2014 is the start of a new era in Formula 1 and the new look sport has already grabbed the headlines as teams struggle to get to grips with new technology and sport cars with ugly looking noses. F1 is set for a big change but this might also present a great opportunity for people wanting to get into the sport. Here are 5 ways I believe you can make the most of F1’s new rules and use this time of change to start your career in the sport :

1) Take advantage of diversifying technical challenges

The new engines in F1 are very complex but are a really great vision of the future of everyday road car technology. To succeed in 2014 F1 teams are going to need staff with a wider and more diverse set of skills than ever before. Electronics, IT, chemistry and materials are all set to make a greater contribution to performance in 2014 and mean opportunities for you to get involved.

2) Create innovative marketing opportunities

The cost of the new technologies has meant the budgets of even the biggest teams have been stretched further than ever before. Teams are looking for ever more inventive ways to market themselves and sell F1 to potential sponsors and partners. The new eco-friendly engines and hybrid technologies have opened up new markets and allow teams to promote a whole new energy conscious image for Formula 1. Teams will be on the lookout for marketing talent with fresh ideas and forward looking ways to generate income.

3) Take advantage of increased engine budget spend

While budgets at the teams themselves might be tight, the investment by the 3 (soon to be 4) engine manufacturers is set to be enormous as they battle for supremacy. As always, more money means more jobs and already these manufacturers are employing a huge amount more people than they were during the engine freeze years of the V8.

4) Get ready to attract new manufacturers

The new for 2014 Formula 1 is yet to get to its first race but already the new rules have created a large fan and media interest. The energy efficient technology and road car relevance are much more attractive to automotive companies than the old V8 rules. Behind the scenes there are many rumours that another manufacturer is ready to get involved, be that Audi, Toyota or BMW. Times have been tough but this might be the start of another expansion in Formula 1 and there will being many more jobs opportunities to go with it.

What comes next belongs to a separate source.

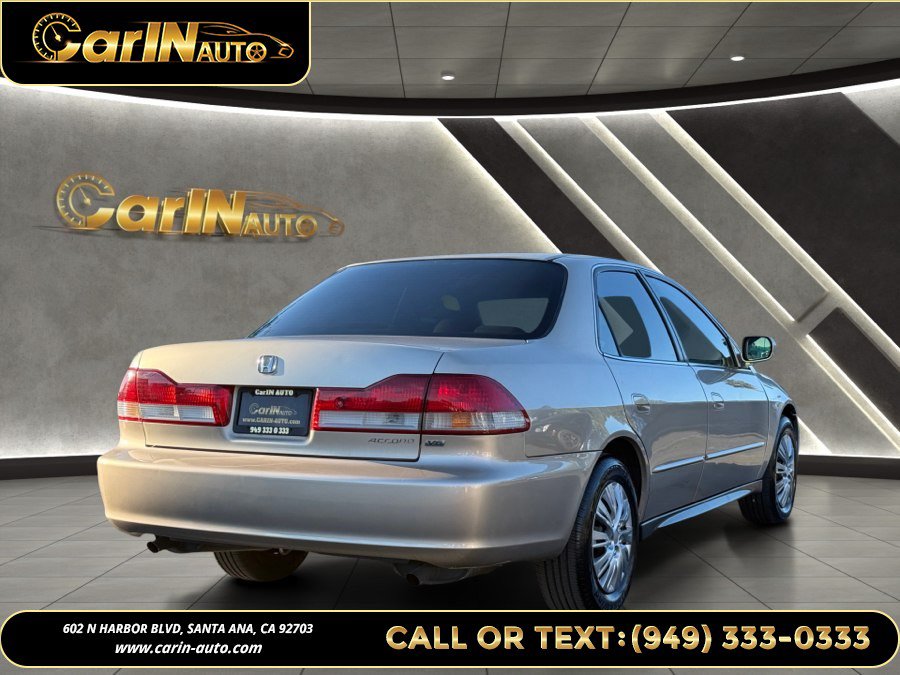 Used 2001 Honda Accord LX image 5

5) Get ready for more races and more testing

The F1 calendar was traditionally only made up of 16 races but that number has been steadily increasing over the past few seasons and is only likely to get bigger still as F1 expands into new markets such as Russia and the United States. There are 19 races in 2014 but this could be as many as 21 in 2015 with Mexico and New Jersey already making agreements with Bernie Ecclestone. In season testing also returns in 2014 and so teams will need more and more trackside capable personnel to cover all these events.

Get Involved

There have been lots of stories suggesting that F1 is struggling and that teams are at risk but motorsport has never been a safe and easy industry. Competition always has it losers but this is what makes F1 so challenging and compelling. I firmly believe that the new rules will come to be viewed as a very forward thinking concept over the coming years and that the rule makers have ensured an upcoming period of prosperity for Formula 1 and the people who work in it. If you want to be part of those good times, now might be the perfect time to get involved.

Keep in touch

I’ve written very little on this blog over the past few months due to the very high workload we’ve had getting the new car ready.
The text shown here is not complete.